■ AIM OF THE TASK:
Set down the entries once more, exactly as given.

Source data
>>

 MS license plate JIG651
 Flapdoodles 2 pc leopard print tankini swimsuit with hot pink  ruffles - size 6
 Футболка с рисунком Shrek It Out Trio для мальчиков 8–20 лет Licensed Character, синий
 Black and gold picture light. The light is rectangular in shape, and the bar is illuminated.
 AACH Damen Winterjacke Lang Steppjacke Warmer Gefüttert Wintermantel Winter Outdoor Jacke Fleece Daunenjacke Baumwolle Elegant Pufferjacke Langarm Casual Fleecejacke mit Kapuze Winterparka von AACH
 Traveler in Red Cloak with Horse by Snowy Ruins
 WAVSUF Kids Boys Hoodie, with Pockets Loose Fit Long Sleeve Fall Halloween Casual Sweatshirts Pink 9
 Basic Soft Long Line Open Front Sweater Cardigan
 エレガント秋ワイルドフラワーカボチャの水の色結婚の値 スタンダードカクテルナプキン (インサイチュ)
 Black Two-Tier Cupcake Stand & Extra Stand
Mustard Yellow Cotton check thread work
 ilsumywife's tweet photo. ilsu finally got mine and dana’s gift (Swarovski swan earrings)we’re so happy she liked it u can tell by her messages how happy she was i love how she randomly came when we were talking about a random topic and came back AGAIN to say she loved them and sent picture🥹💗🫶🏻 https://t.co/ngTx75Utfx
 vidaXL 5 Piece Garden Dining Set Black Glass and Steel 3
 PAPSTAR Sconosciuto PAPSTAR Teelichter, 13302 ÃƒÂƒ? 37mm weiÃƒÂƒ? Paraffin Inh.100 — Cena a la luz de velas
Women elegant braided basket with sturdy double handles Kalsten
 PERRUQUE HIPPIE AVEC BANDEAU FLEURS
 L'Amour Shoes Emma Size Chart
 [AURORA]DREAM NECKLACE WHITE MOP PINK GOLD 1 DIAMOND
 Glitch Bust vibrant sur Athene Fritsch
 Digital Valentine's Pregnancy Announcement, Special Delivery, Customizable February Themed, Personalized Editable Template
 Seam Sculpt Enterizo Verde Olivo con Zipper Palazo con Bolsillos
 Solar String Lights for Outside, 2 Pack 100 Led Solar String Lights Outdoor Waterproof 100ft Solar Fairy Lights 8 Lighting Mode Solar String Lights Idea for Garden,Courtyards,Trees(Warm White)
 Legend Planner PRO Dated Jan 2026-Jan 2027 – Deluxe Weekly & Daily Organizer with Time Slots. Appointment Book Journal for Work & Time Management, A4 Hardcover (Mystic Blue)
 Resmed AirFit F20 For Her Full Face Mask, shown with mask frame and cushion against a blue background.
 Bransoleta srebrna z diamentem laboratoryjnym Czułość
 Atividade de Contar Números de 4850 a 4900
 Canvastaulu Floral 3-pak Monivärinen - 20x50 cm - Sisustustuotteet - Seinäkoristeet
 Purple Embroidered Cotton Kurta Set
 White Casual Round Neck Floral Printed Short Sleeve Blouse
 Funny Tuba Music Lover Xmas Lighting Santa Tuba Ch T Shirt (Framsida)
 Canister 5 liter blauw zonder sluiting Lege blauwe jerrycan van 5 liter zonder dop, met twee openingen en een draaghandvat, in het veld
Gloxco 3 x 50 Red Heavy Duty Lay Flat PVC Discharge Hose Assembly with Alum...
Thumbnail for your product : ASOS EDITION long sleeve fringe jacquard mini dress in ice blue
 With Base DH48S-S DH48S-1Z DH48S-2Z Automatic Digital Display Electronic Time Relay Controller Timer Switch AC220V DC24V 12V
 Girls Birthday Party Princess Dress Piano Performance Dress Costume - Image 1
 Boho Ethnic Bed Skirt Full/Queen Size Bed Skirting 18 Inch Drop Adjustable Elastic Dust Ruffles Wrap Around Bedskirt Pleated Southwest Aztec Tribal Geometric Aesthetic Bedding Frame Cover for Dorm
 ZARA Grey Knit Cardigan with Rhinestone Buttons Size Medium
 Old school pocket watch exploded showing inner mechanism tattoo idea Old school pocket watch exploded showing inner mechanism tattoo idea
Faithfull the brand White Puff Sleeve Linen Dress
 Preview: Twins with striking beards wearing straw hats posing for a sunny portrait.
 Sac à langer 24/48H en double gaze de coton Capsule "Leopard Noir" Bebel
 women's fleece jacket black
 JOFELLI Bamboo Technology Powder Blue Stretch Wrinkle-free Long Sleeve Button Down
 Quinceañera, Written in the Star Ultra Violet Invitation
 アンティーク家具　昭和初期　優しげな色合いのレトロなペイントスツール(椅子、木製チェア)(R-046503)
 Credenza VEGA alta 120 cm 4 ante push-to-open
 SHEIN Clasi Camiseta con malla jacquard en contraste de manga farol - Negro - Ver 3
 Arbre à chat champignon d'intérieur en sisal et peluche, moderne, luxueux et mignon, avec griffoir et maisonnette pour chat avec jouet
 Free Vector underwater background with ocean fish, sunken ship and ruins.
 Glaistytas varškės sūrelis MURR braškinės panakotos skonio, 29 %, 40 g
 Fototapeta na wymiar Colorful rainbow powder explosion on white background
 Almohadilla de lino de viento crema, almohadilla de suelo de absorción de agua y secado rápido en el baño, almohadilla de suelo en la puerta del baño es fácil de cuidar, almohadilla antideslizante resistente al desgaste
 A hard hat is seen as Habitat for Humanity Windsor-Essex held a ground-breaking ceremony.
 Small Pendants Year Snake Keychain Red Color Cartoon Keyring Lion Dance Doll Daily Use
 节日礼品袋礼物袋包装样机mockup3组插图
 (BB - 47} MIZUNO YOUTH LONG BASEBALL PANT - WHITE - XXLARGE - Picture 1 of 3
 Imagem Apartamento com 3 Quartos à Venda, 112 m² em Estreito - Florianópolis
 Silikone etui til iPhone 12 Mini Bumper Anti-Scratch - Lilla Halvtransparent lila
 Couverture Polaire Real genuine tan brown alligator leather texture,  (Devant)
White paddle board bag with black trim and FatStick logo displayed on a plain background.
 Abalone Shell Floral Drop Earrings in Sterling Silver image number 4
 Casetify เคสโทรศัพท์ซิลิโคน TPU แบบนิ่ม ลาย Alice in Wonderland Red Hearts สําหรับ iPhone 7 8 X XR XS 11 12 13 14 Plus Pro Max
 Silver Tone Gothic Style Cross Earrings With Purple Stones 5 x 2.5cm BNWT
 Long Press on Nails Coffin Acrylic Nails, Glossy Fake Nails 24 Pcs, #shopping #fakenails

<<

■ WRITTEN SOLUTION:
 MS license plate JIG651
 Flapdoodles 2 pc leopard print tankini swimsuit with hot pink  ruffles - size 6
 Футболка с рисунком Shrek It Out Trio для мальчиков 8–20 лет Licensed Character, синий
 Black and gold picture light. The light is rectangular in shape, and the bar is illuminated.
 AACH Damen Winterjacke Lang Steppjacke Warmer Gefüttert Wintermantel Winter Outdoor Jacke Fleece Daunenjacke Baumwolle Elegant Pufferjacke Langarm Casual Fleecejacke mit Kapuze Winterparka von AACH
 Traveler in Red Cloak with Horse by Snowy Ruins
 WAVSUF Kids Boys Hoodie, with Pockets Loose Fit Long Sleeve Fall Halloween Casual Sweatshirts Pink 9
 Basic Soft Long Line Open Front Sweater Cardigan
 エレガント秋ワイルドフラワーカボチャの水の色結婚の値 スタンダードカクテルナプキン (インサイチュ)
 Black Two-Tier Cupcake Stand & Extra Stand
Mustard Yellow Cotton check thread work
 ilsumywife's tweet photo. ilsu finally got mine and dana’s gift (Swarovski swan earrings)we’re so happy she liked it u can tell by her messages how happy she was i love how she randomly came when we were talking about a random topic and came back AGAIN to say she loved them and sent picture🥹💗🫶🏻 https://t.co/ngTx75Utfx
 vidaXL 5 Piece Garden Dining Set Black Glass and Steel 3
 PAPSTAR Sconosciuto PAPSTAR Teelichter, 13302 ÃƒÂƒ? 37mm weiÃƒÂƒ? Paraffin Inh.100 — Cena a la luz de velas
Women elegant braided basket with sturdy double handles Kalsten
 PERRUQUE HIPPIE AVEC BANDEAU FLEURS
 L'Amour Shoes Emma Size Chart
 [AURORA]DREAM NECKLACE WHITE MOP PINK GOLD 1 DIAMOND
 Glitch Bust vibrant sur Athene Fritsch
 Digital Valentine's Pregnancy Announcement, Special Delivery, Customizable February Themed, Personalized Editable Template
 Seam Sculpt Enterizo Verde Olivo con Zipper Palazo con Bolsillos
 Solar String Lights for Outside, 2 Pack 100 Led Solar String Lights Outdoor Waterproof 100ft Solar Fairy Lights 8 Lighting Mode Solar String Lights Idea for Garden,Courtyards,Trees(Warm White)
 Legend Planner PRO Dated Jan 2026-Jan 2027 – Deluxe Weekly & Daily Organizer with Time Slots. Appointment Book Journal for Work & Time Management, A4 Hardcover (Mystic Blue)
 Resmed AirFit F20 For Her Full Face Mask, shown with mask frame and cushion against a blue background.
 Bransoleta srebrna z diamentem laboratoryjnym Czułość
 Atividade de Contar Números de 4850 a 4900
 Canvastaulu Floral 3-pak Monivärinen - 20x50 cm - Sisustustuotteet - Seinäkoristeet
 Purple Embroidered Cotton Kurta Set
 White Casual Round Neck Floral Printed Short Sleeve Blouse
 Funny Tuba Music Lover Xmas Lighting Santa Tuba Ch T Shirt (Framsida)
 Canister 5 liter blauw zonder sluiting Lege blauwe jerrycan van 5 liter zonder dop, met twee openingen en een draaghandvat, in het veld
Gloxco 3 x 50 Red Heavy Duty Lay Flat PVC Discharge Hose Assembly with Alum...
Thumbnail for your product : ASOS EDITION long sleeve fringe jacquard mini dress in ice blue
 With Base DH48S-S DH48S-1Z DH48S-2Z Automatic Digital Display Electronic Time Relay Controller Timer Switch AC220V DC24V 12V
 Girls Birthday Party Princess Dress Piano Performance Dress Costume - Image 1
 Boho Ethnic Bed Skirt Full/Queen Size Bed Skirting 18 Inch Drop Adjustable Elastic Dust Ruffles Wrap Around Bedskirt Pleated Southwest Aztec Tribal Geometric Aesthetic Bedding Frame Cover for Dorm
 ZARA Grey Knit Cardigan with Rhinestone Buttons Size Medium
 Old school pocket watch exploded showing inner mechanism tattoo idea Old school pocket watch exploded showing inner mechanism tattoo idea
Faithfull the brand White Puff Sleeve Linen Dress
 Preview: Twins with striking beards wearing straw hats posing for a sunny portrait.
 Sac à langer 24/48H en double gaze de coton Capsule "Leopard Noir" Bebel
 women's fleece jacket black
 JOFELLI Bamboo Technology Powder Blue Stretch Wrinkle-free Long Sleeve Button Down
 Quinceañera, Written in the Star Ultra Violet Invitation
 アンティーク家具　昭和初期　優しげな色合いのレトロなペイントスツール(椅子、木製チェア)(R-046503)
 Credenza VEGA alta 120 cm 4 ante push-to-open
 SHEIN Clasi Camiseta con malla jacquard en contraste de manga farol - Negro - Ver 3
 Arbre à chat champignon d'intérieur en sisal et peluche, moderne, luxueux et mignon, avec griffoir et maisonnette pour chat avec jouet
 Free Vector underwater background with ocean fish, sunken ship and ruins.
 Glaistytas varškės sūrelis MURR braškinės panakotos skonio, 29 %, 40 g
 Fototapeta na wymiar Colorful rainbow powder explosion on white background
 Almohadilla de lino de viento crema, almohadilla de suelo de absorción de agua y secado rápido en el baño, almohadilla de suelo en la puerta del baño es fácil de cuidar, almohadilla antideslizante resistente al desgaste
 A hard hat is seen as Habitat for Humanity Windsor-Essex held a ground-breaking ceremony.
 Small Pendants Year Snake Keychain Red Color Cartoon Keyring Lion Dance Doll Daily Use
 节日礼品袋礼物袋包装样机mockup3组插图
 (BB - 47} MIZUNO YOUTH LONG BASEBALL PANT - WHITE - XXLARGE - Picture 1 of 3
 Imagem Apartamento com 3 Quartos à Venda, 112 m² em Estreito - Florianópolis
 Silikone etui til iPhone 12 Mini Bumper Anti-Scratch - Lilla Halvtransparent lila
 Couverture Polaire Real genuine tan brown alligator leather texture,  (Devant)
White paddle board bag with black trim and FatStick logo displayed on a plain background.
 Abalone Shell Floral Drop Earrings in Sterling Silver image number 4
 Casetify เคสโทรศัพท์ซิลิโคน TPU แบบนิ่ม ลาย Alice in Wonderland Red Hearts สําหรับ iPhone 7 8 X XR XS 11 12 13 14 Plus Pro Max
 Silver Tone Gothic Style Cross Earrings With Purple Stones 5 x 2.5cm BNWT
 Long Press on Nails Coffin Acrylic Nails, Glossy Fake Nails 24 Pcs, #shopping #fakenails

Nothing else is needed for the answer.